This Dino de Laurentiis production directed by Terence Young just about managed to beat The Godfather to the cinemas, but didn’t make much of a splash there; nor is it as well-remembered as even the least of Coppola’s gangster movie trilogy would eventually become.
Which certainly has a lot to do with how little this rates in any aspect compared to the Coppola film. Instead of turning the true crime plot about real life Mafia goon turned federal witness Joe Valachi (Charles Bronson) into an exploration of a man’s relationship to the criminal world he betrays, or even just an actual exploration of anything but the surface of that world, this just races through plot points probably taken from the book this is based on, hitting on anthropological bits of Mafia rituals, murders and Valachi’s love life (Jill Ireland inevitably makes her appearance there) in turn, but never stopping to connect any of this to become something you might want to call an actual narrative.
Watching this, it’s not difficult to imagine Martin Scorsese suffering through it as well, only to think he can certainly do this better by using actual themes and characters and even – gosh! – connecting those, while keeping to the life-long scope of the film, coming up with Goodfellas in the process, a film that’s directly comparable in its scope and basic set-up, but does everything right The Valachi Papers can’t even seem to imagine doing.
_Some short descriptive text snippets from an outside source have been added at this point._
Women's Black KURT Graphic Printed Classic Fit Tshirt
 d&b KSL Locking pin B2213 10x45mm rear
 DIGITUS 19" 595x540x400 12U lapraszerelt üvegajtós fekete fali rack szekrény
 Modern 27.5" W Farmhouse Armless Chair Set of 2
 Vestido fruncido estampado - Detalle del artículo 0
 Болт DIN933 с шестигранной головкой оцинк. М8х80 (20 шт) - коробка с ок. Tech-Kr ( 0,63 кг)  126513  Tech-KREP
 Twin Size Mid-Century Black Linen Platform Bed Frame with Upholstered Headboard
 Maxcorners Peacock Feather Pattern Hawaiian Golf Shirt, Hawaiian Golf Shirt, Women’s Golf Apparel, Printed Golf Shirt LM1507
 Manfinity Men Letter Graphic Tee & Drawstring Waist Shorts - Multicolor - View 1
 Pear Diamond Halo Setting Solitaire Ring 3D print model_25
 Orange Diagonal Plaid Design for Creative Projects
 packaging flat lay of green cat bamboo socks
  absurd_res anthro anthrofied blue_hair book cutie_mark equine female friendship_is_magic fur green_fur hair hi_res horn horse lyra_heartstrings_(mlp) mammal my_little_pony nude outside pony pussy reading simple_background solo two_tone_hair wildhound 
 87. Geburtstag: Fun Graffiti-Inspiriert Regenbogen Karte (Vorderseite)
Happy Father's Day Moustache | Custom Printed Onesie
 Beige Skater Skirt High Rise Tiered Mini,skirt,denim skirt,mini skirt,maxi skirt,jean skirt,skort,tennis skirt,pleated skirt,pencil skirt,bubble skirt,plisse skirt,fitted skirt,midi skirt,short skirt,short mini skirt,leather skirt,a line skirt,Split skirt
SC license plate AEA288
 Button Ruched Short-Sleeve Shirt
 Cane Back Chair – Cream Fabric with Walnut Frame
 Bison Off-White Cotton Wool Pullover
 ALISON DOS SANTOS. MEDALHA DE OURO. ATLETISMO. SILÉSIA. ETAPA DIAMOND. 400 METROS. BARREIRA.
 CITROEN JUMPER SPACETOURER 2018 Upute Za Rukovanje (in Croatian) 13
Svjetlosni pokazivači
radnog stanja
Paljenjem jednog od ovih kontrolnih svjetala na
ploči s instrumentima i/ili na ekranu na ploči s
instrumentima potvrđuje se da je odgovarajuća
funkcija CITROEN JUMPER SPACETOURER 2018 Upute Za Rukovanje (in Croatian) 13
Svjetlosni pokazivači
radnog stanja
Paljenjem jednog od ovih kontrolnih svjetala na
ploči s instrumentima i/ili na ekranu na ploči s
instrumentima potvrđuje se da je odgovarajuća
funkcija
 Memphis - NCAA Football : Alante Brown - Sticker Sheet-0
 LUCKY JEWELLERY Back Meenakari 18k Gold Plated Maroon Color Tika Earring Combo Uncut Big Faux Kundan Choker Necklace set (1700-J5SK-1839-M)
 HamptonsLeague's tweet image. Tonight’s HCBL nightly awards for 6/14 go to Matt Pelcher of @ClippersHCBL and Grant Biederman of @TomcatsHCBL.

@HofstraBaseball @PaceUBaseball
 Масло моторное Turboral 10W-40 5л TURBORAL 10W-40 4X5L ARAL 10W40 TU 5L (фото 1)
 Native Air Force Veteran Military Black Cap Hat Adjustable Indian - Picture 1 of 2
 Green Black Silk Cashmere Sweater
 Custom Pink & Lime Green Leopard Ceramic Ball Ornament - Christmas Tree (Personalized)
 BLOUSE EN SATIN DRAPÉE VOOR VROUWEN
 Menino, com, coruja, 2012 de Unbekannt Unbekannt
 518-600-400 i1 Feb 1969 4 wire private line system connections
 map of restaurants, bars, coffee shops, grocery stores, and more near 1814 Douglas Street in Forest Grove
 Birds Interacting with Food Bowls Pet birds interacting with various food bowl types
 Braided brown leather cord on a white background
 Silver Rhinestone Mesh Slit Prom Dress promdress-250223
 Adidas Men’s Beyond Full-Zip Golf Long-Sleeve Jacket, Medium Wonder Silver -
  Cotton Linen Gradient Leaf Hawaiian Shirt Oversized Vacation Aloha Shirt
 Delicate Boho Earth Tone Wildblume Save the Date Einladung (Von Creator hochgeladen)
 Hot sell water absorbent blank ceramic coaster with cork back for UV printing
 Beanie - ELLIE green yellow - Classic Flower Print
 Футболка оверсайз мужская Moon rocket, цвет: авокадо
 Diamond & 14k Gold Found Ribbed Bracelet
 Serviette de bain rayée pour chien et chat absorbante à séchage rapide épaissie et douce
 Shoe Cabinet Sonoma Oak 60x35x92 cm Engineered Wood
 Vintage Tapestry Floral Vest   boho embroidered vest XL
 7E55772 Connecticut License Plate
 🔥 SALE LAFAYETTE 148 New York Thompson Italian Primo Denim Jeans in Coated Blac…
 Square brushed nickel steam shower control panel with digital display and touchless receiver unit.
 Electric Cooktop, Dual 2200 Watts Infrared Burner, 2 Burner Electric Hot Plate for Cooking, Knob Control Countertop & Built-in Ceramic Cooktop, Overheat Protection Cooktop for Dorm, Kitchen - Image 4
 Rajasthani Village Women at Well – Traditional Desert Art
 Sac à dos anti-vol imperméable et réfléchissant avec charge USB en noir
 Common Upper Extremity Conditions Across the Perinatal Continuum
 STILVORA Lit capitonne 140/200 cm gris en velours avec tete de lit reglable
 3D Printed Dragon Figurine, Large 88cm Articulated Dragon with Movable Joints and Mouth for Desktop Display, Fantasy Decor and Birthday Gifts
Despite the gritty visual quality native to movies made at this point in time, there’s a blandness to the film that’s more than just a little infuriating, a feeling as if nobody involved could actually be bothered to add any personality or depth to the proceedings. The sloppiness of the period parts – where no attempt seems to have been made to hide out of period background details to a degree even I noticed it – adds further to this air of a film that’s just not bothering. Which, as always, leaves the question why a viewer should.